Между тем пустоту, образовавшуюся между двумя полюсами – экономическим процветанием и отсутствием полноценного ответа на экзистенциальные запросы, – должно было что-то заполнить. В быстро формирующемся обществе потребления произошел сдвиг приоритета от «материалистических» ценностей выживания к «постматериальным» ценностям улучшения качества жизни. Как следствие роль повседневности радикально изменилась по сравнению и с эпохой модерна, и со временем эпицентра кризиса. Но, как и в эпицентре кризиса, отыскать смысл существования по-прежнему оставалось слишком сложным делом, значительно проще было подавить запрос и найти успокоение посредством искусственно сотканного из артефактов повседневности эквивалента смысла. Отличие только в том, что общество потребления предоставило для этого невиданное доселе разнообразие материала.

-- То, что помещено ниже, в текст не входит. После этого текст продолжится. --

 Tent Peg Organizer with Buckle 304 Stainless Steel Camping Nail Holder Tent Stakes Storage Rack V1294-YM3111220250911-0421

Субъект в современном мире «действует от собственного лица» [156]. Экономическое благополучие постмодерна открыло врата к обладанию артефактами любых культур, служивших когда-то координатами смысла. Постмодерн стер генетические различия смыслового содержания произведений искусства. «Смыслообразование» перешло в руки субъекта, желающего конструировать реальность постмодернизированными романтико-прагматическими средствами. Все, что прежде отсылало к трансцендентному, стало неактуальным, превратилось в «бессмысленное», потому что перестало указывать на смысл настоящего и, тем более, будущего. Весьма любопытно это отразилось на рынке антиквариата. То, что куплено на нем как эстетизированный обломок героического прошлого, «причащает» обладателя к вечности и тем самым само становится сверхновым аналогом «святых мощей».

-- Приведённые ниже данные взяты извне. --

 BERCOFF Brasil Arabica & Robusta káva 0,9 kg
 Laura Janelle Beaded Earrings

Технические средства тоже поставили на потребу дня. Что нельзя купить на рынке антиквариата, стало возможным приобрести в виде тиражированной – и очень неплохой – копии. Предостережение В. Беньямина, что, хотя тиражированная вещь «пространственно» и приближена к человеку, но лишена ауры и аутентичности [40; 41; 42], встретили холодно. Значительно более близкой оказалась эстетика повторения, давшая адресату успокоение в проецируемом и беспроблемном узнавании, как это сформулировал У. Эко [483; 484; 485]. В отличие от эстетических принципов Средневековья и Ренессанса [486], на излете Нового времени бесконечность процесса повторения придает новый смысл процессу вариаций. По достоинству оценивается то, что серия возможных вариаций потенциально бесконечна. Как бы то ни было, обладание тиражированной копией стало средством ощутить превосходство над уникальностью шедевра и еще одним вариантом бессознательного желания «причаститься к вечности» вместо тягостных размышлений о смысле бытия.
Постмодернистская «игра со старым» – будь то антиквариат, его копия или смесь того и другого с их модернистским и постмодернистким истолкованием – проникла в массовое сознание. Возник «сверхновый» синтез искусств, девиз которого «копия Венеры Милосской в ванной комнате». Обеспеченные обладатели индивидуальных ванных комнат не знали, что постмодернисты уже отыграли по ним реквием. Они продолжали жить и не хотели ничего большего, кроме как тратить праведно и неправедно заработанные деньги на создание мирка, в котором находили психологическую стабильность и защищенность от неосознаваемой проблематичности обретения смысла.